Records provided:
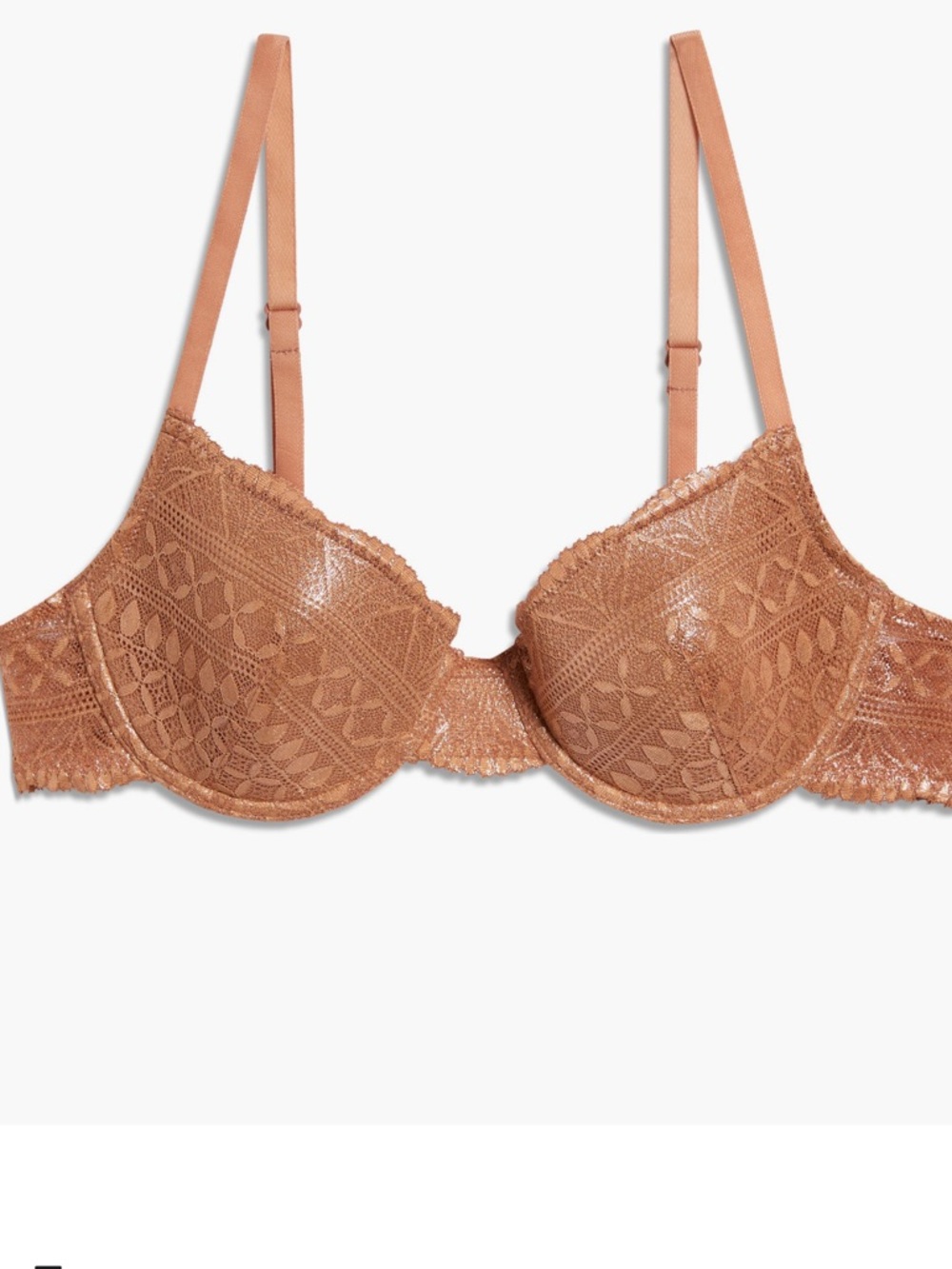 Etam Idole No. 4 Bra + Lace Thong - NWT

--

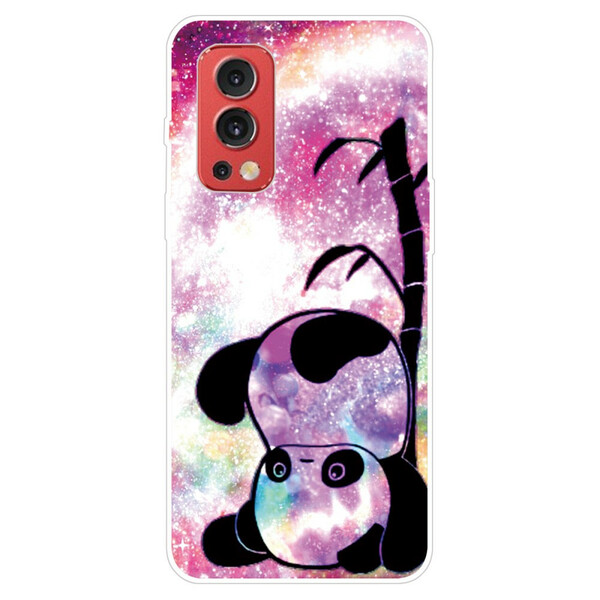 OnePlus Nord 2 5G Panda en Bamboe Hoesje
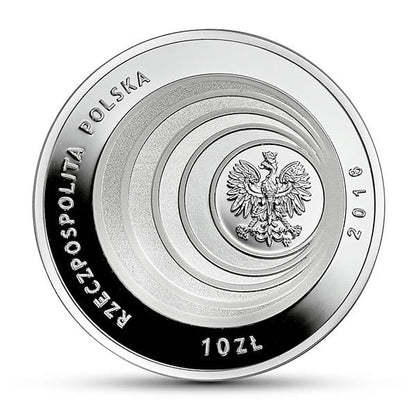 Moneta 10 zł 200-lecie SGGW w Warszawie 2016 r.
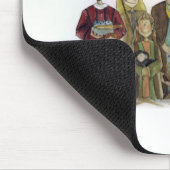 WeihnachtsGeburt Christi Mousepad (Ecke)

What the exercise asks: Give again the stretch of lines above from the one with "Moneta 10 zł" through the one with "WeihnachtsGeburt Christi Mousepad (Ecke)", both ends kept, and copy no pictures.

Reply:
 Moneta 10 zł 200-lecie SGGW w Warszawie 2016 r.
 WeihnachtsGeburt Christi Mousepad (Ecke)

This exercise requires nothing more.